The decision recognized that a court can impose sanctions either on the basis of its inherent authority or pursuant to Rule 37 of the Rules of the United States Court of Federal Claims. Rule 37(e) requires that an intent be found to deprive another party of the use of electronically stored information in order for the most severe sanctions to be imposed. The government argued that the instances of TETRA it deleted were non-functional because they could not work in a particular environment or because of security concerns. The contention was that the deletion was not prejudicial because the agency would not have to pay 4DD for these copies of TETRA. However, deletion orders gave the reason as "a license issue". Hard drives were shredded and laptops were reimaged after 4DD gave notice that its software was used in a manner that was inconsistent with a license agreement. Evidence was deleted as part of an investigation in which documents were created that were marked as work product on a privilege log.
Judge Bruggink's opinion observes that, "[T]he government never attempted to accurately account for TETRA used on the DTC servers. It simply arbitrarily assigned the original 64 paid-for cores to the DTC and allowed the DTC to continue along the path to decommissioning without making records of how many copies of TETRA had existed. During the true up process and thereafter, the agency did the opposite of taking reasonable steps to preserve a record of TETRA use, leaving the DTC servers and other environments where TETRA was installed as the only complete record." Id. at *35. [True-up is a term used to describe an evaluation of how many end users of software there are after an agreement is signed to use the software estimates a certain number of users.]

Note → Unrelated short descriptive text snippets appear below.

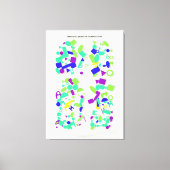 Bauhaus Quantum Composition  キャンバスプリント (正面)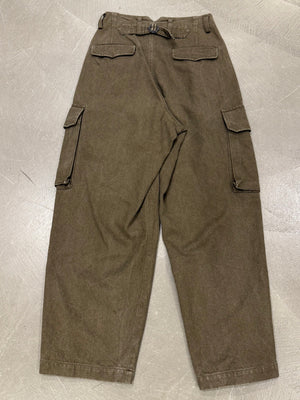 Yohji Yamamoto 2-tuck cargo pants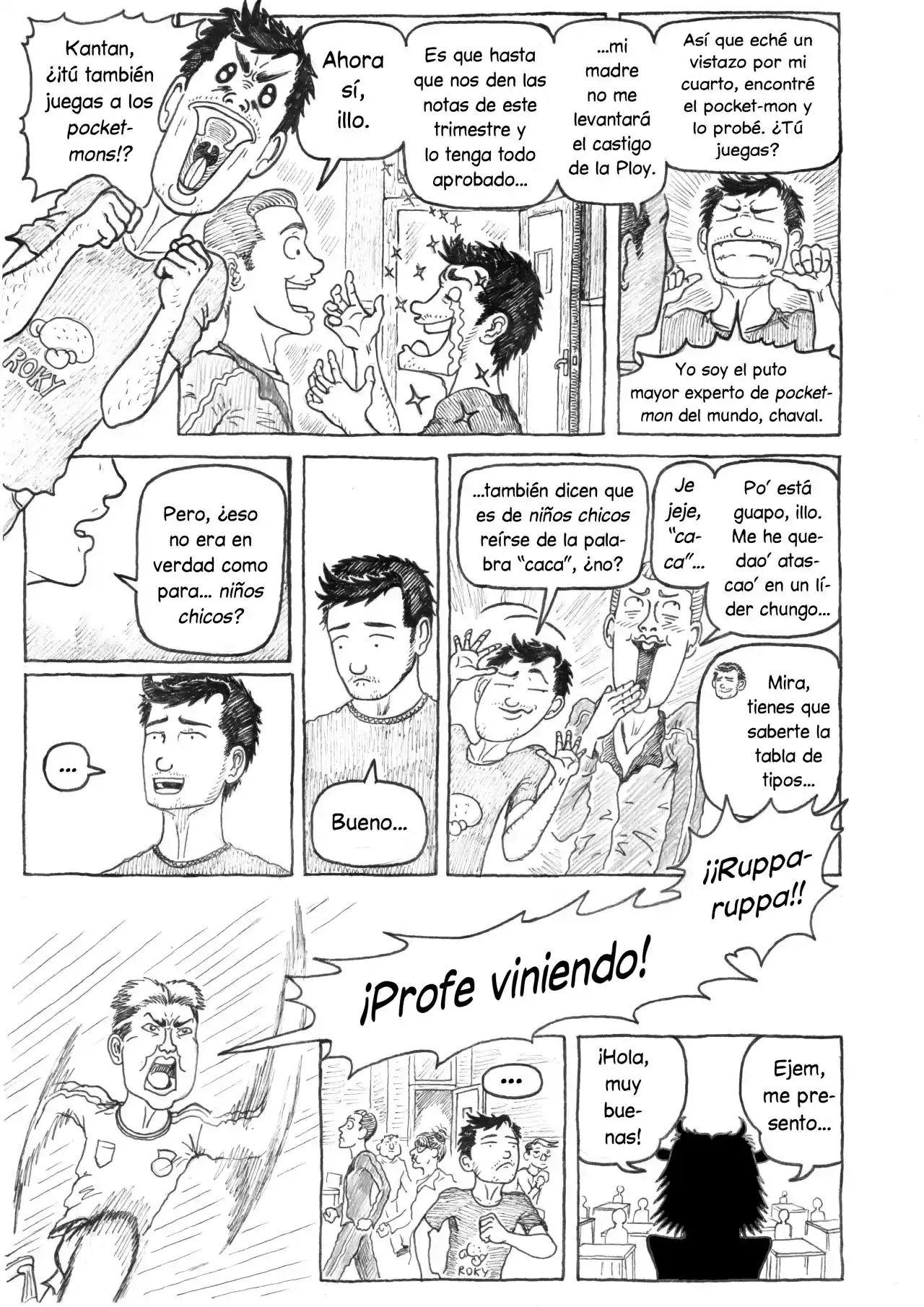 Los Jinetes - Capítulo 19 - Página 14 - LectorTMOo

The government only issued preservation notices three months after 4DD filed its complaint, and this notice did not reach some of the personnel responsible for decommissioning until two years later. The court rejected the government's argument that deleted copies could be replaced by other discovery because of the failure to note the copies of TETRA in use when deletion orders were given, and the incompleteness of hard drive images and server diagrams.
The plaintiffs suffered prejudice because gaps were caused by the deletion of evidence that has to be filled in by secondary evidence. Accordingly Judge Bruggink awarded 4DD costs for bringing its sanction motion and prevented the government from arguing that evidentiary gaps created by its spoliation of evidence could be construed in its favor.
Under Rule 37(e)(2) the Court would need to find that the government acted with intent to deprive in order to find that the lost evidence should be construed in 4DD's favor. The notice to delete TETRA instances because of "a license issue" was sufficient to demonstrate that the data was deleted with an intent to deprive and so a presumption can be made that a count of the deleted instances would be unfavorable to the government. Despite the fact that it could not be shown that the government considered that the reimaged laptops might contain relevant information, "[t]he lack of any credible explanation for the deletion of the laptop data months into this litigation and in the face of a preservation hold is sufficient to infer that the agency deleted information that was detrimental to it." Id. at *40. The court did not find that the decommissioning of servers, conducted according to a regular process, was intentional, and so no adverse inference was made. Judge Bruggink declined to a enter a default judgment.